Prime Minister Ralph Gonsalves is urging Vincentians to read the Charter of the United Nations.
He said on Monday the document explains his Unity Labour Party administration’s support for Cuba, Venezuela and Taiwan.
“I urge all people in St. Vincent and the Grenadines and all our diplomats to read this book: the Charter of the United Nations,” he said as he held up a copy of the document on Monday at the opening ceremony of Kingstown’s one-week biennial consultation for heads of missions and consulates.
“Because if you read this, you would not have any confusion as to why we defend the independence and sovereignty of St. Vincent and the Grenadines, and, for example, that of Cuban and Venezuela, and other countries too — if you read this,” Gonsalves said.
“This is the bible of multilateralism. This! This little book; look it up on the internet,” the prime minister further said.
Kingstown, under Gonsalves’ leadership, has maintained strong ties with Havana and Caracas.
Recently, the Gonsalves government has sided with Venezuela as the Organisation of American States attempted to intervene amidst the humanitarian crisis there.
Gonsalves has reiterated his government’s commitment to maintaining ties with Taiwan, which China considers a renegade province and has not ruled out the use of force to achieve its re-unification goal.
Gonsalves said that the ULP’s 2015 manifesto spoke of “a bold, principled foreign policy grounded in our interest but placed on the hub of the Caribbean and Latin America region.
“I want the young people, when you see we are doing certain things, I don’t want you to say, ‘I wonder if the elder, Ralph, losing it, how he defending Venezuela’s independence and sovereignty.
“No, don’t think I losing it; I’m reaffirming your future and I sticking to this.

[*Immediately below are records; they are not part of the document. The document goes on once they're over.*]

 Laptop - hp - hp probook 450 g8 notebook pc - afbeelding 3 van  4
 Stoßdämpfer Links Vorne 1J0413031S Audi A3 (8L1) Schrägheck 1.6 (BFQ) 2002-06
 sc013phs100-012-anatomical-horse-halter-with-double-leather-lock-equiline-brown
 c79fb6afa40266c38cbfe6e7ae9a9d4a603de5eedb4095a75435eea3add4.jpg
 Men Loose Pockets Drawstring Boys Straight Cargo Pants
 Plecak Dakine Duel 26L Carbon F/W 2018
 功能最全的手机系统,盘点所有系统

Those who write this and subscribing to this and want to ignore it can ignore it, but, as a small country, this is our defence against arbitrariness and imperial overrule, in the same way that in the domestic setting, the constitution is your protector…”
Gonsalves read the preamble of the charter.

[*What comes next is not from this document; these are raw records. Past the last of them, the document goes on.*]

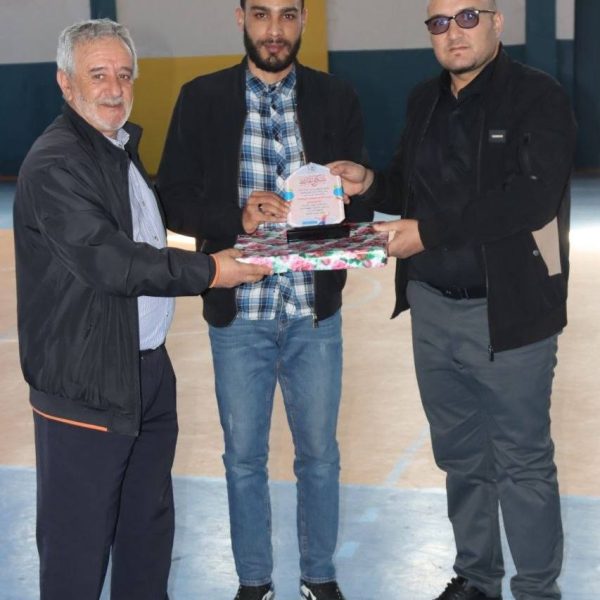 668615179_965817582625425_8313505116782902487_n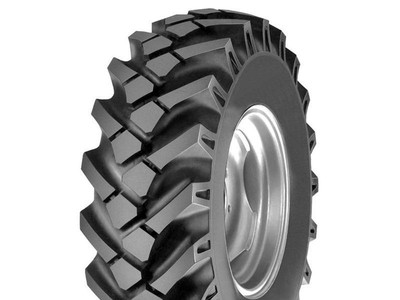 10.50R18 Speedways MPT-007 133A6 PR12 Індустріальна шина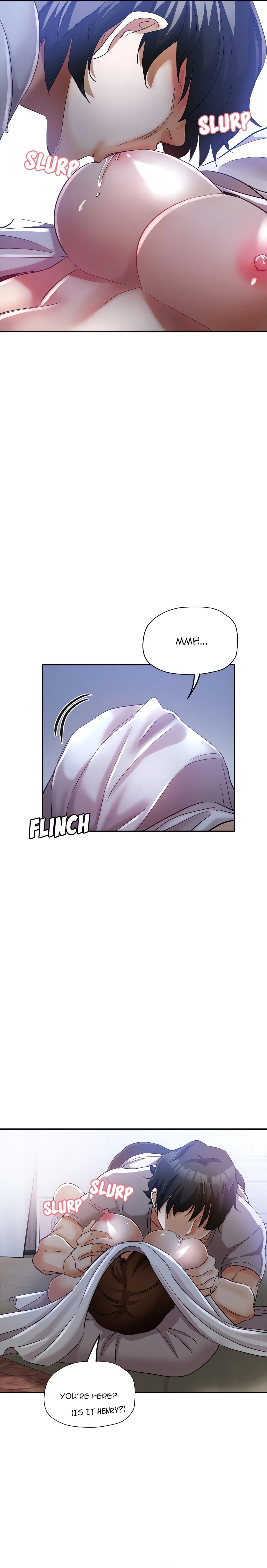 Chapter 16, page 18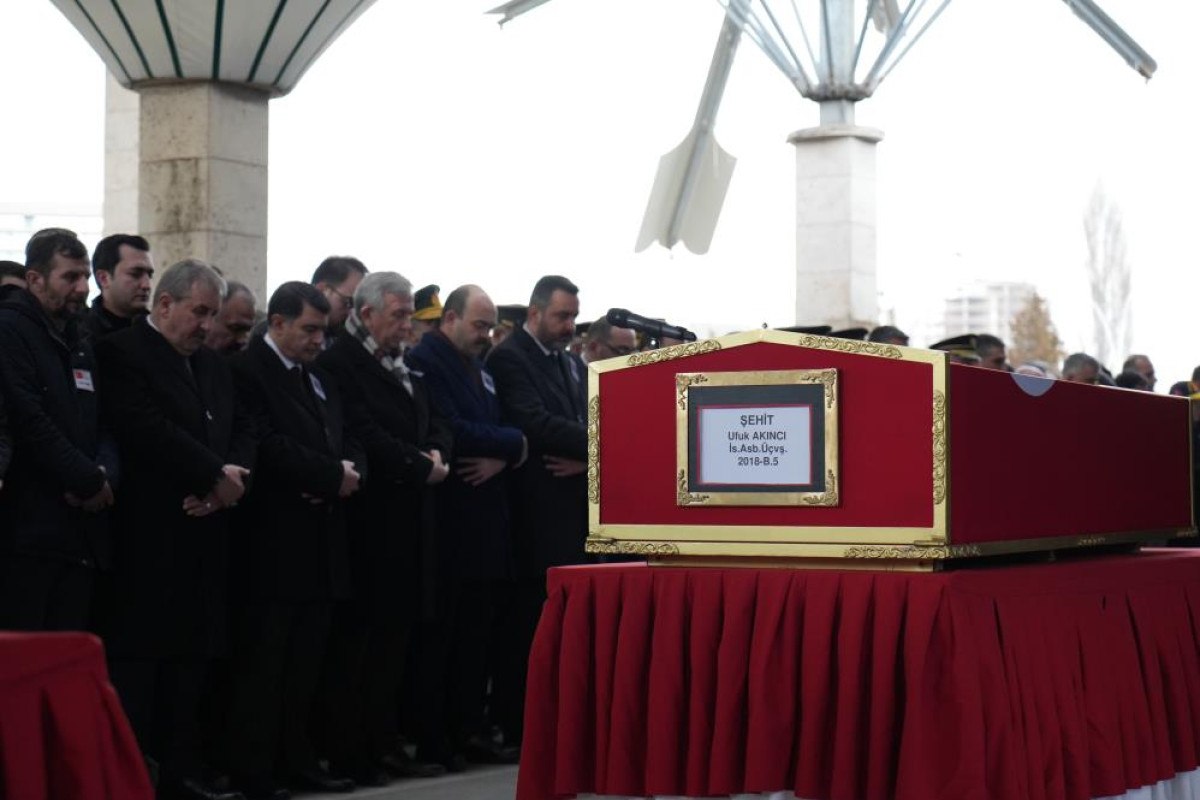 sehit astsubay ufuk akinci son yolculuguna ugurlandi 1 AAmsX9Vd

Commenting on it, he said:
“So when we agree to the Paris Accord, we don’t pull out; when the United Nations passes a resolution in relation to a two-state solution on Palestine and Israel, we don’t dismiss that.
“When, annually, the [United Nations] General Assembly passes a resolution supported only by the United States and Israel that the blockade against Cuba is illegal, we take those resolutions seriously because this tells me I must take them seriously.
“Ah can’t be opportunistic about those.”
He noted that the charter says “All Members shall refrain in their international relations from the threat or use of force against the territorial integrity or political independence of any state, or in any other manner inconsistent with the Purposes of the United Nations.”
Gonsalves commented: “So that when somebody tells the press in an off-hand manner that in relation to Venezuela every option is on the table, including military intervention, how do you square that?
“… If we throw this away, is dog eat dog; survival of the fittest. We will be in a state of nature where life is nasty, brutish and short. This is why this is so important — multilateralism.”
The prime minister further noted that the charter says, “The Organisation shall ensure that states which are not Members of the United Nations act in accordance with these Principles so far as may be necessary for the maintenance of international peace and security.”
He said: “And our relations with Taiwan are guided by that principle, because they are not members of the United Nations.”
The ULP administration has remained firm in its support for Taiwan even as the main opposition New Democratic Party has said that if elected to office, it would break ties with Taipei and establish links with Beijing.
Just 17 countries, most of them small developing nations in Africa, the Caribbean and the Pacific, recognise Taiwan as a country independent of China.